# alltrax spm



## jr dragster (Oct 11, 2010)

has anyone tried the new alltrax spm 72 volt controller good bad ??


----------



## redcelt007 (Oct 2, 2008)

I installed an SPM 72 volt 500 amp controller in my 93 Mazda B2200. Except for some difficulty with deciding how I want to set the throttle curves, I really like the software interface. The monitoring screen is a great tool for gathering data while you drive. I'm planning on installing some type of laptop stand inside the truck cab so I can see the screen better as I'm driving. What type of vehicle do you have yours installed in? I would be interested in seeing how you set up the throttle curves for best results.


----------



## jr dragster (Oct 11, 2010)

Im putting it in a jr dragster to race 1/8 mile trying to go 7.90 at under 85 miles hr should weight under 350 pounds ,D&D ES-15-6, either the alltrax or the solution jr cant decide yet


----------



## skooler (Mar 26, 2011)

jr dragster said:


> Im putting it in a jr dragster to race 1/8 mile trying to go 7.90 at under 85 miles hr should weight under 350 pounds ,D
> &D ES-15-6, either the alltrax or the solution jr cant decide yet


If budget is not an issue then go for the soliton.

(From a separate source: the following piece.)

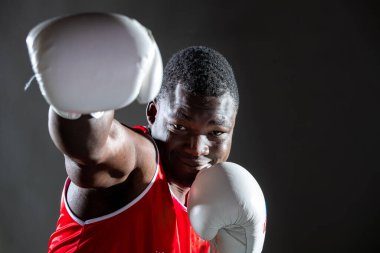 Koyu tenli, üstsüz, eldivenli, gri arka planlı genç bir adam stüdyoda.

Much higher voltage and peak power. A couple of bonuses with contractors thrown in etc.


----------



## mik420 (May 10, 2011)

I purchased one of the 72300 controllers, and it ran for about 5 min. and then it said M plus overtemp contacted alltrex so I returned the unit to him, they said it tested fine, send it back to me, did same thing, contacted them again, they sent me a brand-new unit, same problem.so I ended up switching back to my 7245 controller and got my money back. They said it was probably an internal problem with the controller something about the temperature leads being too long. There was no overheat on any of the wiring or cabling


----------